== Data listing
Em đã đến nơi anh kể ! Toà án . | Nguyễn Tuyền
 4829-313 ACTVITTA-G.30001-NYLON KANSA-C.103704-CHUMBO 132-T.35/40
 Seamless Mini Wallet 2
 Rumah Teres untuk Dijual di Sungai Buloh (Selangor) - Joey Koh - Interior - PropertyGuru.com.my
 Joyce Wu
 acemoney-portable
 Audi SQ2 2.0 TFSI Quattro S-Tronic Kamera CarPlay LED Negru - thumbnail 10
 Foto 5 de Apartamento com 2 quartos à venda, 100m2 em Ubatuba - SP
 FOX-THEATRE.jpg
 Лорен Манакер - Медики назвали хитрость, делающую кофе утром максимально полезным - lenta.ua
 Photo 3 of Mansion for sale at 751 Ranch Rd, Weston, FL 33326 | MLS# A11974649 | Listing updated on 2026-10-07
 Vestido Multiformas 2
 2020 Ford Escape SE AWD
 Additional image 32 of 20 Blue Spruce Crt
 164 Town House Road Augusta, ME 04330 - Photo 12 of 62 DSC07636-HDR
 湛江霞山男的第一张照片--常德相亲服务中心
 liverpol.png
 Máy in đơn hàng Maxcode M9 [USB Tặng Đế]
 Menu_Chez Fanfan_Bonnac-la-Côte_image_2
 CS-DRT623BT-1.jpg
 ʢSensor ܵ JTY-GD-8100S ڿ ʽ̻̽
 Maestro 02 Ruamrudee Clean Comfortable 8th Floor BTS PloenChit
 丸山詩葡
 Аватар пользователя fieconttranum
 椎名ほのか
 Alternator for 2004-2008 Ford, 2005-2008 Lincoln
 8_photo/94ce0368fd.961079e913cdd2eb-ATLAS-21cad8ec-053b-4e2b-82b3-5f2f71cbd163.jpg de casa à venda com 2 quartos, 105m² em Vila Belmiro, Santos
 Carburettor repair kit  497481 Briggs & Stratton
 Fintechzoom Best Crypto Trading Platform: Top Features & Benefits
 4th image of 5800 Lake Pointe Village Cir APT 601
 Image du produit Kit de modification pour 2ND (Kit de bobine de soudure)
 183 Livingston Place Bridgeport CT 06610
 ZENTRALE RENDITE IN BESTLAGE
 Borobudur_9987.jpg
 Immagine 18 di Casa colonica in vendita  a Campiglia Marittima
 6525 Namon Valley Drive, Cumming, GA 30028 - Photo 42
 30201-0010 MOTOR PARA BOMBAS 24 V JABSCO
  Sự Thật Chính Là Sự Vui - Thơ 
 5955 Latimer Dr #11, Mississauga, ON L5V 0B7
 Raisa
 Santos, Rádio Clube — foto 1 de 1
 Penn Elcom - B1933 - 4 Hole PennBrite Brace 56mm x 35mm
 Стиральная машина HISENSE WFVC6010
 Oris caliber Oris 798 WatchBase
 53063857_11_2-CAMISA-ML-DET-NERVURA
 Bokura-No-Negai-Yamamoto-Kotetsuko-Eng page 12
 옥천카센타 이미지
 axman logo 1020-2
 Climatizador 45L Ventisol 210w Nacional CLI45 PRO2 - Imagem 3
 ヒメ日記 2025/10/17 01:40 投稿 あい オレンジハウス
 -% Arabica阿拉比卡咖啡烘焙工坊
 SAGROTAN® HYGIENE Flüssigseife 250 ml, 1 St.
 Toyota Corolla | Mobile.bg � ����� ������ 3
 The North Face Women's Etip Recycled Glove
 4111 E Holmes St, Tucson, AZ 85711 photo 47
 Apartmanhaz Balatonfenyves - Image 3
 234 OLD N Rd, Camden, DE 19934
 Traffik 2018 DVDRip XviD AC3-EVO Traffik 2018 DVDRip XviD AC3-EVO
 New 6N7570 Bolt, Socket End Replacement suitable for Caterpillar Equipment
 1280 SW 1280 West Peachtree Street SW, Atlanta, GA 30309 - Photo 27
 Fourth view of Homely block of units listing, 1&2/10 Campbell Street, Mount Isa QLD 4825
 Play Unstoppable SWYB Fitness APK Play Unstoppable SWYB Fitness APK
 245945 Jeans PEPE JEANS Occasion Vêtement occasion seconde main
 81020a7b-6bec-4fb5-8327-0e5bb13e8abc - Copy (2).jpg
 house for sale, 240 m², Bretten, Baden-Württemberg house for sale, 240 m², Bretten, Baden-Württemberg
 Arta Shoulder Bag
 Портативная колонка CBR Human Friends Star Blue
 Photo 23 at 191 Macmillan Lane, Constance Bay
====
Work to be completed: Which lines run from the one holding "Penn Elcom - B1933" through the one holding "The North Face Women's Etip Recycled Glove" in the records above? Repeat them exactly, both included, and nothing more.

Reply to the task:
 Penn Elcom - B1933 - 4 Hole PennBrite Brace 56mm x 35mm
 Стиральная машина HISENSE WFVC6010
 Oris caliber Oris 798 WatchBase
 53063857_11_2-CAMISA-ML-DET-NERVURA
 Bokura-No-Negai-Yamamoto-Kotetsuko-Eng page 12
 옥천카센타 이미지
 axman logo 1020-2
 Climatizador 45L Ventisol 210w Nacional CLI45 PRO2 - Imagem 3
 ヒメ日記 2025/10/17 01:40 投稿 あい オレンジハウス
 -% Arabica阿拉比卡咖啡烘焙工坊
 SAGROTAN® HYGIENE Flüssigseife 250 ml, 1 St.
 Toyota Corolla | Mobile.bg � ����� ������ 3
 The North Face Women's Etip Recycled Glove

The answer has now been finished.